Pakistan's state-run broadcaster asked AIR for the historic speech in which Jinnah had said people could follow any religion without state interference.

Jinnah had addressed the Constituent Assembly on 11 August 1947, three days before the creation of Pakistan.

Pakistani officials said they had first contacted the BBC for the speech.

Murtaza Solangi, the director general of Pakistan Broadcasting Corporation, told Press Trust of India that the British broadcaster was unable to locate it in its extensive archives.

"I had received a call from Pakistan Broadcasting Corporation asking for a recording done on a certain date, but we don't have the tape with us," AIR director general LD Mandloi told the BBC.

"We will inform the Prasar Bharati [Indian government broadcasting authority] and it is up to them to take it forward and inform Pakistan," he said.

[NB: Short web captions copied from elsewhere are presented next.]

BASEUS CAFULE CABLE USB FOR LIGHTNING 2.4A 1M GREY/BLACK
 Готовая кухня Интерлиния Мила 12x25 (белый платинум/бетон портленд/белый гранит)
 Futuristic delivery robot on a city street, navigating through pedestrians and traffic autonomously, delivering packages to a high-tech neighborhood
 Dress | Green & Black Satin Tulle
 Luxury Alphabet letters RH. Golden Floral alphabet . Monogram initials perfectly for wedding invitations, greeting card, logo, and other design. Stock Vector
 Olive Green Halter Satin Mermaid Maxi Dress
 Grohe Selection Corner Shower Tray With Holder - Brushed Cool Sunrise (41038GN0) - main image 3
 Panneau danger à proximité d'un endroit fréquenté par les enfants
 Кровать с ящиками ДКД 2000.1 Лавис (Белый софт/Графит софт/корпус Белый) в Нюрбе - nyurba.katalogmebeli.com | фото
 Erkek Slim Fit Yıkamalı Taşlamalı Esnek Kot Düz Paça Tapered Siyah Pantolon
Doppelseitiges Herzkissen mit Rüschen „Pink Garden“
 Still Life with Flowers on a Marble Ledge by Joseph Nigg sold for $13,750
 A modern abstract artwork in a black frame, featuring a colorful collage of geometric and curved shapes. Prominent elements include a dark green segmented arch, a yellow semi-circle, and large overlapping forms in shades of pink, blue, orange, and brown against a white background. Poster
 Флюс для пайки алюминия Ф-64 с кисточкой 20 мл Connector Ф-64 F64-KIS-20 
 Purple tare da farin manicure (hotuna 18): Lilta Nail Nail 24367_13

Earlier, Mr Solangi had told PTI: "This [Jinnah] speech is very important for people who want to direct the country [Pakistan] to the goal of a modern, pluralistic, democratic state."

In the speech, Jinnah is reported to have said: "You are free; you are free to go to your temples, you are free to go to your mosques or to any other place of worship in this state of Pakistan.

"You may belong to any religion or caste or creed, that has nothing to do with the business of the state."

Mr Solangi says in 1947, radio stations in what is now Pakistan did not have proper recording facilities and hence they do not have a copy of the historic speech.